Mr Perfect - Thursday, January 5, 2012 - linkSo, will they be iterating the security in AC too, or will they be sticking with WPA2 with AES encryption? I'm not even sure how well that's stood up over the last couple years.
dcollins - Thursday, January 5, 2012 - linkWPA2 with AES is still considered secure as long as the PSK is sufficiently long and rotated with some regularity.
xdrol - Friday, January 6, 2012 - linkWhat do you mean? It still takes more time than the age of the Universe to crack a WPA2-PSK with AES - it is magnitudes of magnitudes easier to hack you in the system somehow else..
Mr Perfect - Friday, January 6, 2012 - linkAh, ok, so WPA2 with AES is still decent. From what I'd read, every other security protocol(WEP, WPA, WPA2 with TKIP) isn't recommended due to some weakness. I was half expecting some flaw to have been found in WPA2 with AES since the last time I read up on this stuff.
mckirkus - Thursday, January 5, 2012 - linkLooks like we might finally crack the 100Mbps barrier with wireless. I have Blu-Rays that hit upwards of 35Mbps and need a lot more than that to stream effectively so this will be a major deal for home entertainment.

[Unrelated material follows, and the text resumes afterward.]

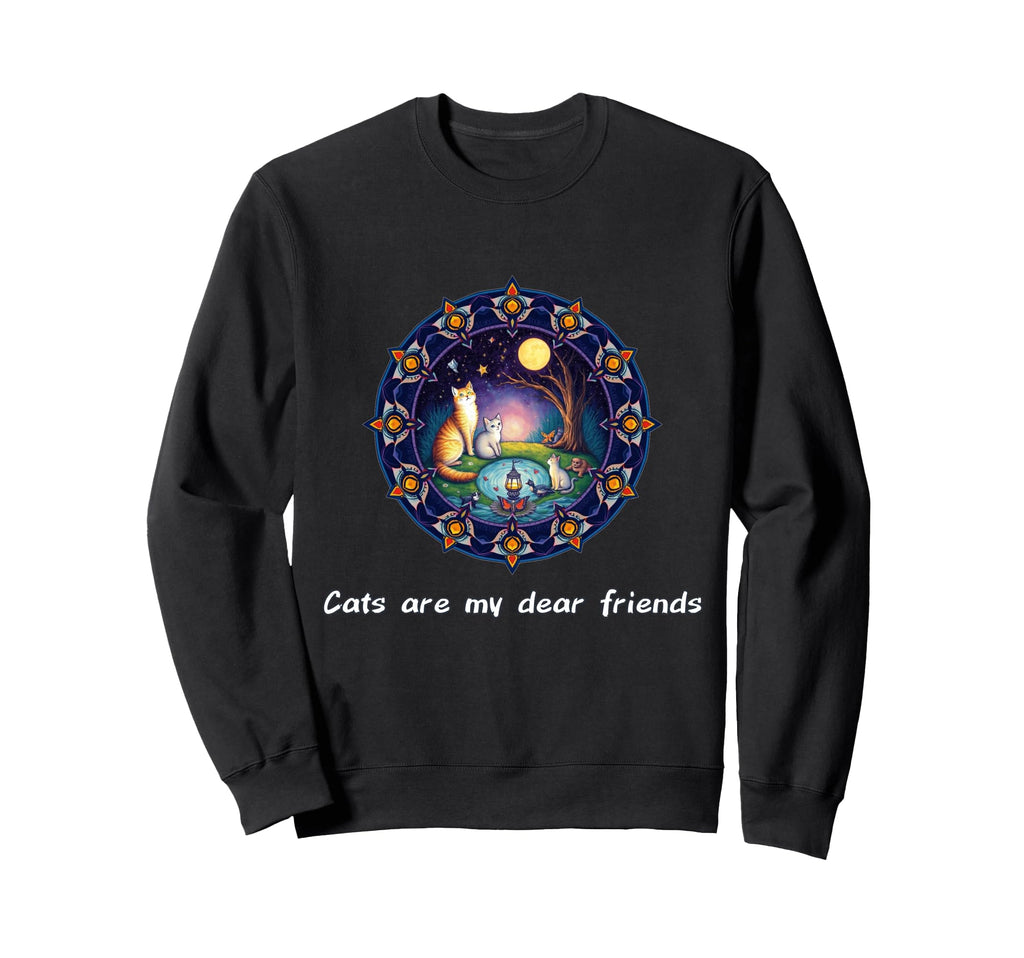 Cats Are My Best Friends Sweatshirt - Casual Everyday Wear for Adults - T-Shirt, Sweatshirt, Hoodie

JarredWalton - Thursday, January 5, 2012 - linkA good 2x2:2 802.11n solution on 5GHz can easily crack 100Mbps, at least provided you're in the same room. That said, I'm super excited to see WiFi get a needed boost in performance. I still run cables all over my house because 802.11n simply isn't fast enough for file transfers, even within the same room. However, even on Gigabit Ethernet I rarely transfer at more than 50MB/s (hard drive speeds for large data files), so I really only "need" 400Mbps or so of usable bandwidth. A 2x2:2 802.11ac solution would be just about perfect--at least until SSDs reach the point where I can conceivably store hundreds of gigabytes of data and archives on SSDs instead of HDDs.

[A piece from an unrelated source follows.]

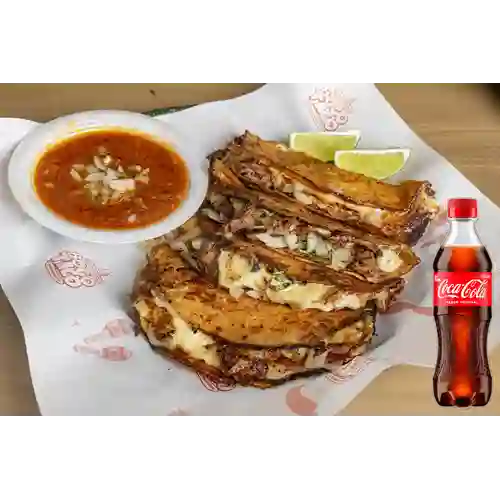 Combo Quesabirria X3 + Coca Cola Original 400 ml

jwilliams4200 - Thursday, January 5, 2012 - linkProblem is that there is no way you are going to actually achieve 400Mbps real-world with 802.11ac. I'd lay long odds that 95% of users don't consistently achieve anything higher than 200Mbps.
RF_Guru - Thursday, January 5, 2012 - linkIn general this is a well written article - comprehensive, clear, and concise - but unfortunately, not entirely correct.
For an 80MHz wide 256QAM signal to be successfully received (without too many errors), the signal to noise ratio required at a receiver input is going to have to be in the order of 35dB (per stream). This is significantly more than is required for an 802.11n 64QAM signal. This means that in order to support .11ac higher data rates, the signal level at the receiver is going to have to be pretty high (say above -40dBm.....I haven't done the exact math on it yet - this is a back-of-envelope calculation!). Since the noise level isn't going down any (I wish it would though... :), this means that the higher data rates of .11ac are only going to be acheived over fairly short range - around 60' maximum IMO. For distances beyond 60', the rates will drop off significantly. I suggest we ask the WLAN chip vendors to show us their "waterfall" curves of rate vs. distance for .11n vs .11ac....
That's not the end of the issue. The 60' distance number above assumes a transmit power output of +20dBm. This is not going to be easy to achieve. In order to get the required signal to noise ratio, an 802.11ac transmitter is going to have to be MUCH more linear than an .11n one. For .11n, transmit power amplifier added EVM can be up to about 3% (although I like to limit it to 2.5% myself), but for .11ac, the PA's added EVM cannot be much higher than about 1.5%. This means the PA needs to much more linear than before or run at a lower power output level. In order to acheive better linearity, two things can be done. Either a) throw more DC power at the problem - make the PA more "class A", or b) employ a pre-distortion scheme of some kind - either analog or digital (I have seen some very clever digital pre-distortion techniques from some very clever startups lately). Both of these techniques will require MORE DC power being used per stream (compared to a .11n transmitter), so the statement about transmit efficiency is incorrect.